• **What this task involves**
What is the number of lines in these records with "Today" in them? Answer with that number only.
[Data to use — start]
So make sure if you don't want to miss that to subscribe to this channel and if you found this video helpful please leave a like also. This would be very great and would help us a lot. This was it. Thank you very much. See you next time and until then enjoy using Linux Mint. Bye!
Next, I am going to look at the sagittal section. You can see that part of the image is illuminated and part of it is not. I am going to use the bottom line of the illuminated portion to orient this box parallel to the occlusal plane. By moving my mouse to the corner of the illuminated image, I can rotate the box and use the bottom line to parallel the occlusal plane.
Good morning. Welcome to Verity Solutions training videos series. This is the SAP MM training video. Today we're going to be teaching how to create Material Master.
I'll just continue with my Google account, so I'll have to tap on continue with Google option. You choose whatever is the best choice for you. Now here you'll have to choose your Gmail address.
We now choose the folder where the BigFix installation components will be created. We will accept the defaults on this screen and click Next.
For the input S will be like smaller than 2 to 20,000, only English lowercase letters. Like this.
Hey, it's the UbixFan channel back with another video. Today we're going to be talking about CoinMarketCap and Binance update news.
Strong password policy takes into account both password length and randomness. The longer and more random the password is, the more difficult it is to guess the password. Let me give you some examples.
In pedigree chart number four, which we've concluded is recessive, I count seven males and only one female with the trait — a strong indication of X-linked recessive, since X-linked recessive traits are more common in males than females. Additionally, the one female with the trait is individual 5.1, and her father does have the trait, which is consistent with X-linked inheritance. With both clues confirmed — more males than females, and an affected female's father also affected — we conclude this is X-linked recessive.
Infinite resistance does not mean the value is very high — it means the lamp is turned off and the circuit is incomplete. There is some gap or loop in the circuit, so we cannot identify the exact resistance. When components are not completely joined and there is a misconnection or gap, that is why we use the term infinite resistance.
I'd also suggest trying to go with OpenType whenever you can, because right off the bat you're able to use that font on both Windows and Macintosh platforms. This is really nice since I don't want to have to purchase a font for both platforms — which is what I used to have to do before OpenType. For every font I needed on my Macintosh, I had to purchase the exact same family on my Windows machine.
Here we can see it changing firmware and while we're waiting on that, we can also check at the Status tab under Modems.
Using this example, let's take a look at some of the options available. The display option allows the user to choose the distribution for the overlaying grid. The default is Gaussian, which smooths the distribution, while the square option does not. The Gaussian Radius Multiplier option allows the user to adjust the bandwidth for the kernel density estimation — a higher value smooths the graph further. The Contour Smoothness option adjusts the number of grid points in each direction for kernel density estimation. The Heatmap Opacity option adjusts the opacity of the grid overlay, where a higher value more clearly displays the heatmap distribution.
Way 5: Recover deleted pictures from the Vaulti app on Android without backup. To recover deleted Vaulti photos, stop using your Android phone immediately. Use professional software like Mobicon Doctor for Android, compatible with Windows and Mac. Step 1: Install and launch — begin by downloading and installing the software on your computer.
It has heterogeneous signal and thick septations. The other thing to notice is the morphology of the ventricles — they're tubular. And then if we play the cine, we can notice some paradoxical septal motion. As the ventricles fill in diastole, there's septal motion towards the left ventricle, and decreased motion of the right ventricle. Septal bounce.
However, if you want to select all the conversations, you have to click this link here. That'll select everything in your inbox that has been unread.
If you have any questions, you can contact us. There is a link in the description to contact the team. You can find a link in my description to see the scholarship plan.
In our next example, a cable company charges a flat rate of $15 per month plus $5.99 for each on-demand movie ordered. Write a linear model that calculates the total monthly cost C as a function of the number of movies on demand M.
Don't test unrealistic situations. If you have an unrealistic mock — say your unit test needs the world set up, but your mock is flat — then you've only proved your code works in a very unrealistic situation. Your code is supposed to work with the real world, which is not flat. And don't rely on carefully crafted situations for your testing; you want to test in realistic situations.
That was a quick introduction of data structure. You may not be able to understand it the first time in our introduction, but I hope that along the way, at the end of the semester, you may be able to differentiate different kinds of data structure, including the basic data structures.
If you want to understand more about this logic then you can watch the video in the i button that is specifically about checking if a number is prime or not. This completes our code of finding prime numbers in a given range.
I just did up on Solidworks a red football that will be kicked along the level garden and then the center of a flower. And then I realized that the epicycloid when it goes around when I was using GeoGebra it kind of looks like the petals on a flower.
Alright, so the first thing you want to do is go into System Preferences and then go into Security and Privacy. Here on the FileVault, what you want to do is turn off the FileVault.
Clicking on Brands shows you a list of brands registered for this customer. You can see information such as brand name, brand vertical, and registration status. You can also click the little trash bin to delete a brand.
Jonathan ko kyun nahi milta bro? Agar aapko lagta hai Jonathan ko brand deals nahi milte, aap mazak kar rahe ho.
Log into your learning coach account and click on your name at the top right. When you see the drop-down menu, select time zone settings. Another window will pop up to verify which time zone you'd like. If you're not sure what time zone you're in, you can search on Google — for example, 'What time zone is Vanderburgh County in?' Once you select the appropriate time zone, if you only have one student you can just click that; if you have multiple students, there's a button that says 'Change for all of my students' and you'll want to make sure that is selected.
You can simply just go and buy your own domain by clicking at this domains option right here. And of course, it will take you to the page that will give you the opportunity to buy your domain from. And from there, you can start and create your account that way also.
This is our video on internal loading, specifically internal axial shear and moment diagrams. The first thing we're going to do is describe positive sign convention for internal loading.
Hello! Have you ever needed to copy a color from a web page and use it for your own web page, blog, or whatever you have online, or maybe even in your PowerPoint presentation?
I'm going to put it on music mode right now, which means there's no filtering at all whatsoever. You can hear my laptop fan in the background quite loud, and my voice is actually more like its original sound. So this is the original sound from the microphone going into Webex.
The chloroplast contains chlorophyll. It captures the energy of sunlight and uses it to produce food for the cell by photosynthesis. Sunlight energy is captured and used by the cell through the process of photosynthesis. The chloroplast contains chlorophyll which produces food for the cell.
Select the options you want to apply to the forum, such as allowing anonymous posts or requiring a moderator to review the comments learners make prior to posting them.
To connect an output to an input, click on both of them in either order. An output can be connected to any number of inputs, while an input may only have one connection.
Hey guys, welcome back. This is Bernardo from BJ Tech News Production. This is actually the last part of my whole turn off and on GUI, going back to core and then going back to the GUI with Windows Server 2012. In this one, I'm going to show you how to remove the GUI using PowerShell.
[Data to use — finish]
• **Solved exercise**
2